- Also known as: Pusho 'El MVP' Mr. Like
- Born: Héctor Emmanuel Birriel Caraballo December 28, 1989 (age 36) Carolina, Puerto Rico
- Genres: Reggaeton; urban music;
- Occupations: Rapper; singer;
- Label: Casablanca Records
- Website: pushocpw.com

= Pusho =

Puerto Rican rapper

Héctor Emmanuel Birriel Caraballo, known professionally as Pusho, is a Puerto Rican rapper and singer.

Pusho first came to prominence online, posting songs through Freestyle Mania Music. In 2014, he signed with Casablanca Records and released his debut album, Rookie of the Year.
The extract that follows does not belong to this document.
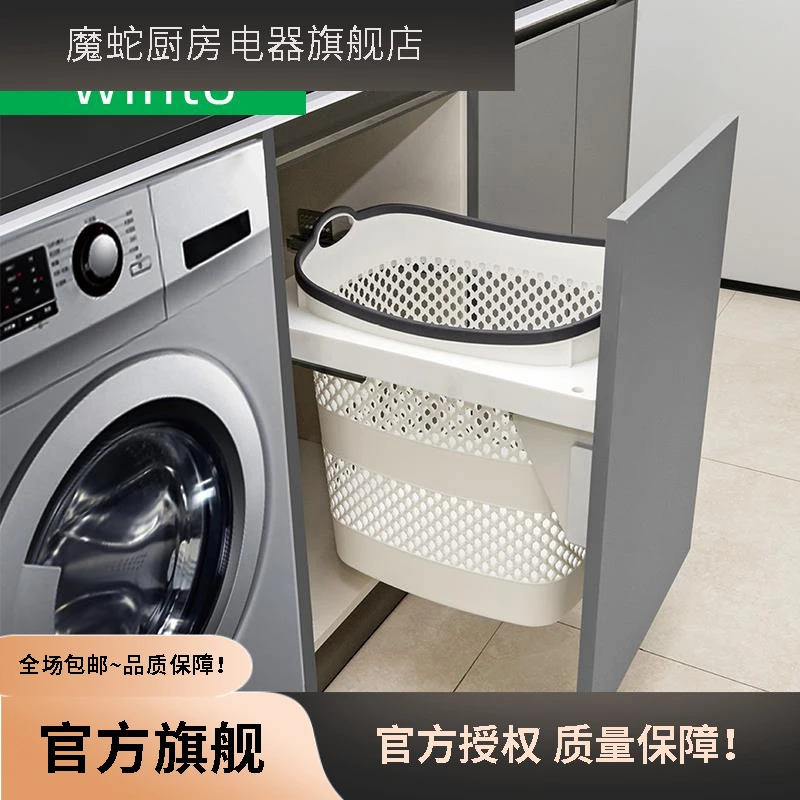 阳台柜嵌入式脏衣篮家用卫生间浴室手提大容量洗衣机边柜隐藏拉篮
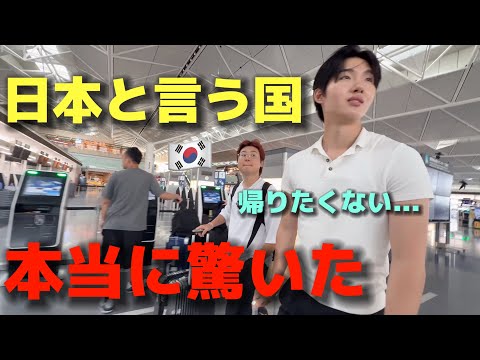 【最終回】日本はこんな国だったの？！初めて日本に来て韓国の若者が本当に驚きました・・・大感動してしまいました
He has also collaborated on songs with such artists as Daddy Yankee, Farruko, Miky Woodz, JKing & Maximan, J Alvarez, Cosculluela, De La Ghetto, Ozuna, Benni Benny, El Sica, D. OZi, and producers such as Musicólogo y Menes, Montana "The Producer", Franfucion, and others.
Pusho is also a father of two girls.

== Arrests ==

He has had problems with the law, being charged twice of possessing illegal guns, leading him to be arrested one time in the neighborhood of Miramar Santurce, Puerto Rico with another man called Juan Thomas George of 32 years of age. Police reported that both men were caught carrying "two illegal firearms," one of 0.9 and another 0.40 millimeters, and $1,228 in cash and a white 2015 Mercedes-Benz, which was also seized by police. Pusho was again arrested in Chile along with another man for having illegal guns It resulted in him having to cancel his presentations in the country.